Well, let’s see.
Today I sold 2 big plastic tubs of spinning fibers to a woman in Virginia, bringing me down to one big plastic tub of fiber. Suits me just fine: the stuff I sold was all relatively replaceable (a pound of white angora bunny fur, a couple pounds of suri alpaca, some silk, etc.) and I haven’t been spinning much lately. I kept the truly rare stuff, the stuff I wouldn’t be able to replace if I started spinning again.
My last yarn orders arrived ““ 2 lbs of a beautiful pearly gray (“silver fox”) cashmere/silk blend, 2 lbs of a noil-y silk/wool yarn in shades of blue and gray, 3 bags of variegated ribbon yarn, and some worsted weight angora yarn. That’s it. I’m buying no more yarn this year, or until I run out, whichever comes first.
I’m considering extending my moratorium to fabric. I have lots and lots of it, and I don’t sew that much outside of my AIDS Lifecycle costumes. In fact I am thinking of extending my moratorium to most craft supplies, but am being a bit cautious there. Right now I’m in a conservative phase. I know myself well enough to know that at some point I’ll get really into something (it doesn’t matter what “something”) and when the next big thing hits, I’ll go headlong into it.
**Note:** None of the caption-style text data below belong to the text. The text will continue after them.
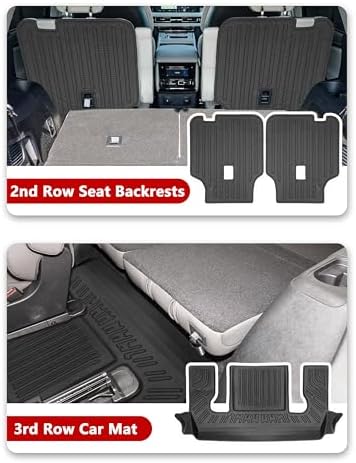 Floor Mat Cargo Liner Backrest Mat Compatible - Image 3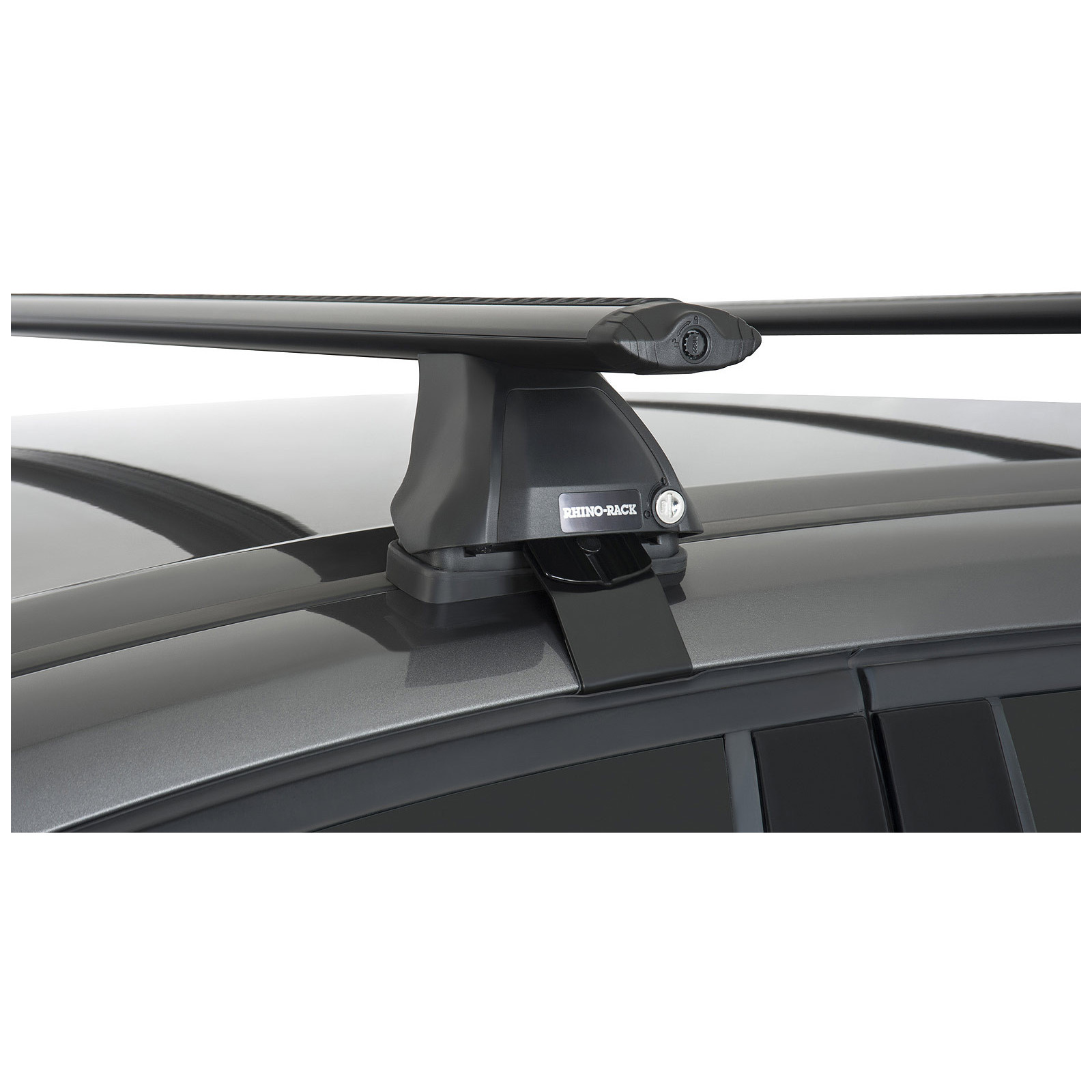 Kit 2 barres de toit noires RHINO-RACK Vortex 2500 • JA3994 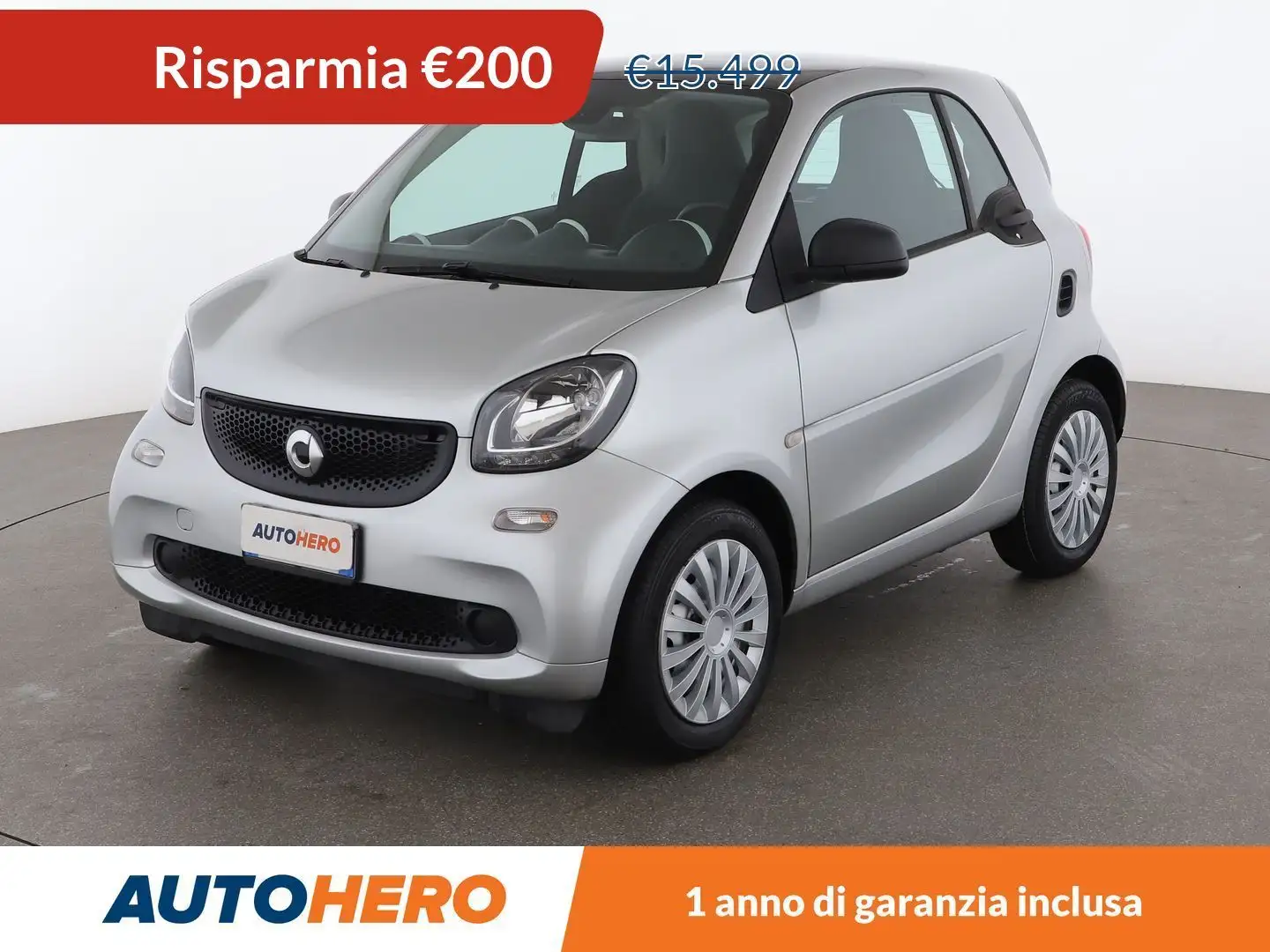 smart forTwo 1.0 Youngster 70 CV Argento - 1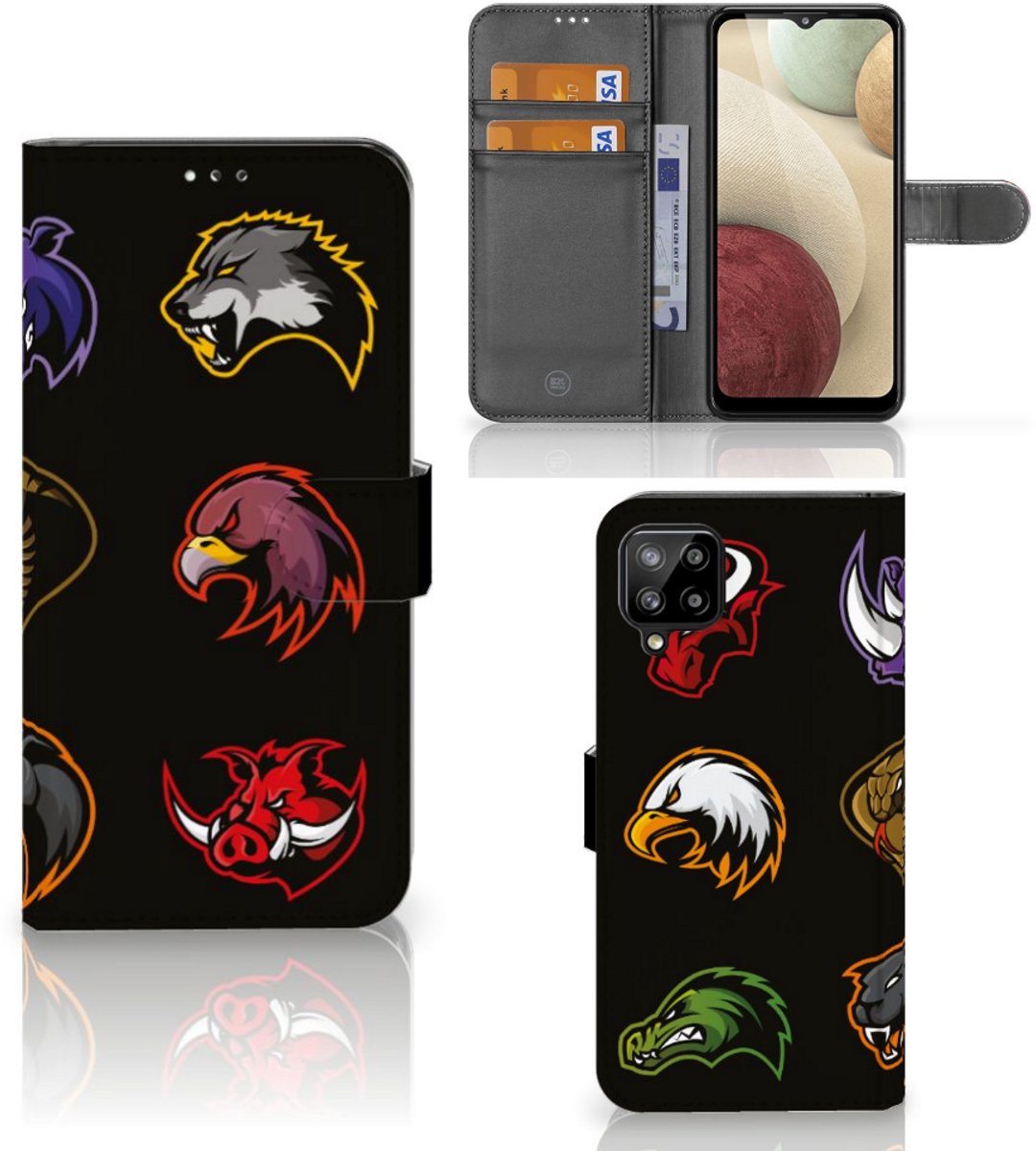 Samsung Galaxy A12 Leuk Hoesje Cartoon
I’m not a fan of making New Year’s resolutions that I’m simply going to break, so I don’t want to make one that isn’t realistic. Still, it seems to fall in line with the general idea of “don’t buy lots of new stuff”.
Tonight I’m going to start working on developing a savings plan. For the past year, I’ve pretty much spent whatever I felt like whenever I felt like it, which I could pretty much get away with since I make a good bit of money and also get generous quarterly bonuses. However, most of my “big-ticket items” (like car insurance, holiday travel, gifts, and so on) got paid out of my bonuses, and I’d rather save those to pay down debt. So I’ve drafted a budget and am going to use multiple (free, high-interest) savings accounts at eTrade to automatically save for the big ticket items. One savings account per large expense, which sounds like a huge number except that there really aren’t that many of them: auto insurance, auto repair, vacation/travel/holiday gifts, and personal training packages, among others. A small monthly withdrawal into each of those accounts, and I’ll automatically be saving, and since each savings account is earmarked for a specific kind of expense, the temptation to draw it down for another expense won’t be as strong.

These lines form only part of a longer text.